Illegal immigration is one of the most pressing problems facing the country. Despite the fact that we have ample federal laws dealing with it, they are not enforced as they should be. High levels of illegal immigration lower the cost of unskilled labor, benefiting employers. 

Howard Foster filed the first wage depression RICO class action against Zirkle Fruit Company of Selah, Washington in 2000. Long-time employees at that company worked at stagnant wages while a former undocumented worker oversaw hiring of a mostly illegal workforce. The case was certified as a class action lawsuit on behalf of the legal workers. It was settled on the eve of trial. Legal workers received backpay for each hour employed, the first such settlement on behalf of the victims of illegal immigration in American history. 

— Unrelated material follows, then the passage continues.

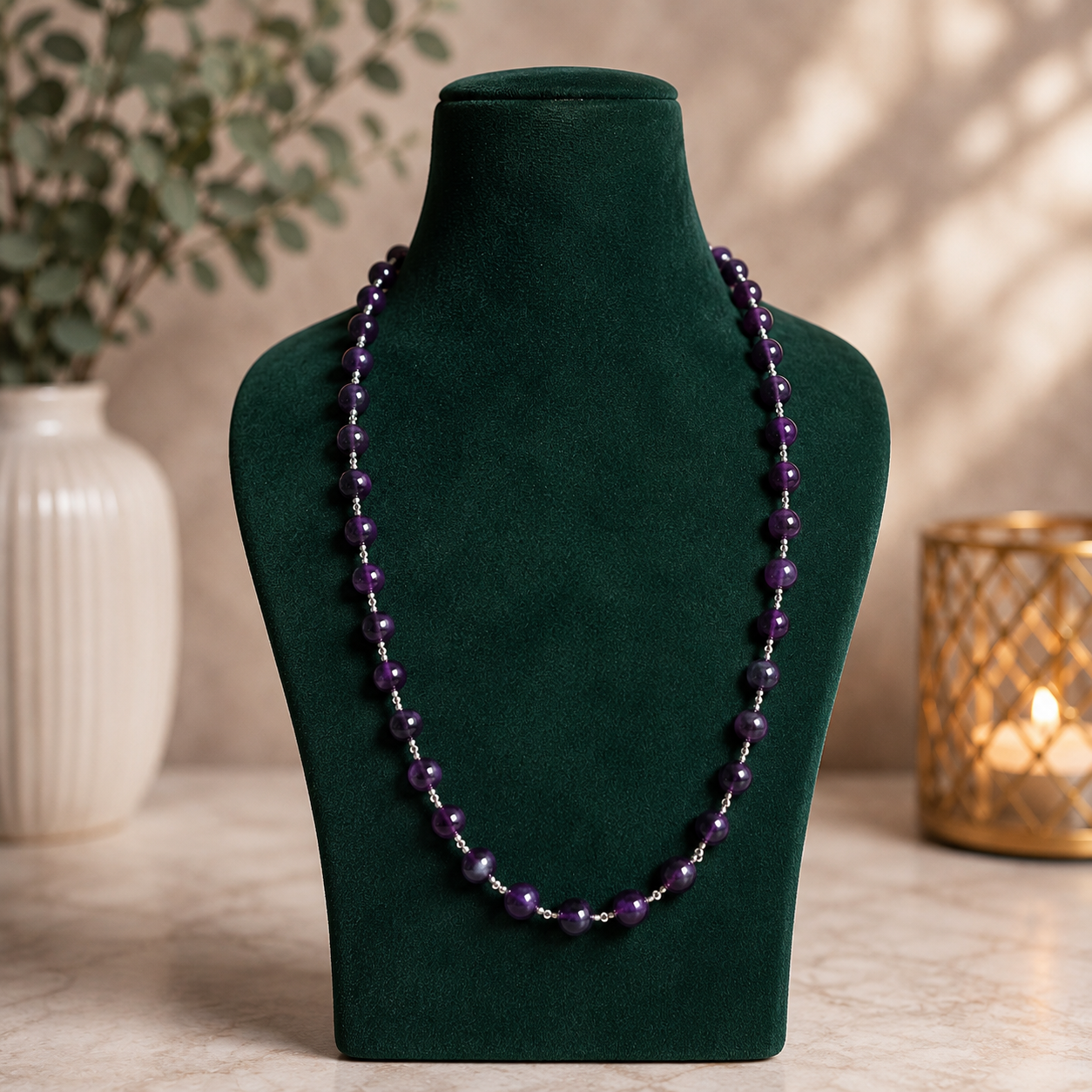 Amethyst 54 Beads in Silver wire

Foster PC has since won many decisions from federal district courts and appellate circuits, allowing these cases to proceed under RICO and be certified as class actions. In 2006, Howard argued the Mohawk Industries case in the U.S. Supreme Court and persuaded the Justices not to read the concept of a group enterprise out of RICO, which the Company’s lawyers had sought. The case has now settled for $18 million. These class actions have been featured in the Wall Street Journal (which has run two editorials attacking them as a threat to business), The New York Times, the National Law Journal, CNN, Lou Dobbs, and many local newspapers and websites across the country.